The Importance of Certified Hard Drive Destruction
January 31, 2018
A records storage box can hold about the same number of documents as 1GB of hard drive space on a computer.
Even notebook computers have at least 500GB hard drives these days. That means, in a sense, any of your employees who use a notebook to access your data are potentially walking around with 500 boxes of your corporate data. If you have just 10 employees with notebooks, they might have access to just about every bit of data that relates to your business.
Of course, your company’s access control policy restricts who sees what information, and few people, if anyone, will have access to all the available information.
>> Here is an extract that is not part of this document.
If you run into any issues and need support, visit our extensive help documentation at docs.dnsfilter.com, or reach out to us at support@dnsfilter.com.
But any cloud-stored document that’s opened on a notebook or desktop computer can be saved to the computer’s hard drive. And the fact that it’s been opened remains in the browser’s ‘History’ unless it’s deleted.
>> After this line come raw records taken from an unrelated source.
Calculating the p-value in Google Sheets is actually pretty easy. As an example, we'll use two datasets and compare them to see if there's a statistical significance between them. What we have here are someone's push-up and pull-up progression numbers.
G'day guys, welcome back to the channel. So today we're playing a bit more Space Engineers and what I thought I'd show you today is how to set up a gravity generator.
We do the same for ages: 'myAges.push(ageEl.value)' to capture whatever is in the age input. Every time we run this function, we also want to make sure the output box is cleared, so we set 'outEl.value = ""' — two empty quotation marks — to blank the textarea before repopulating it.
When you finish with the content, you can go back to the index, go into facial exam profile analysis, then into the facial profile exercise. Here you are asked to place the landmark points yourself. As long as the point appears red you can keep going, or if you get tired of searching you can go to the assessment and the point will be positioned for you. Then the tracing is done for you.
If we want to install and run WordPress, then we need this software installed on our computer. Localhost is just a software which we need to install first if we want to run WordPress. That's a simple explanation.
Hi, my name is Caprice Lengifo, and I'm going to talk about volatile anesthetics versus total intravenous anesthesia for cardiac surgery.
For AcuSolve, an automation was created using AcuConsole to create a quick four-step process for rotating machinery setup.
If there is one thing that’s more difficult to do on a computer than on a piece of paper, it is to certifiably destroy the data they contain. In both cases, the media (paper or the hard drive) must be shredded to a point where the data is certifiably destroyed.
The ‘what’s easier’ quotient goes back in favour of computers when you consider just how much data you can destroy on a single hard drive – 500 records boxes’ worth.
Despite all of this, many companies just store old hard drives on a shelf or simply reformat hard drives before reselling or recycling desktops and notebooks. An old hard drive can easily be reattached to a newer computer and access had to every bit of corporate data it ever contained. And reformatting a drive does little or nothing to prevent a skilled technician from doing the same thing.
So now you know why you need certified destruction of all your old hard drives!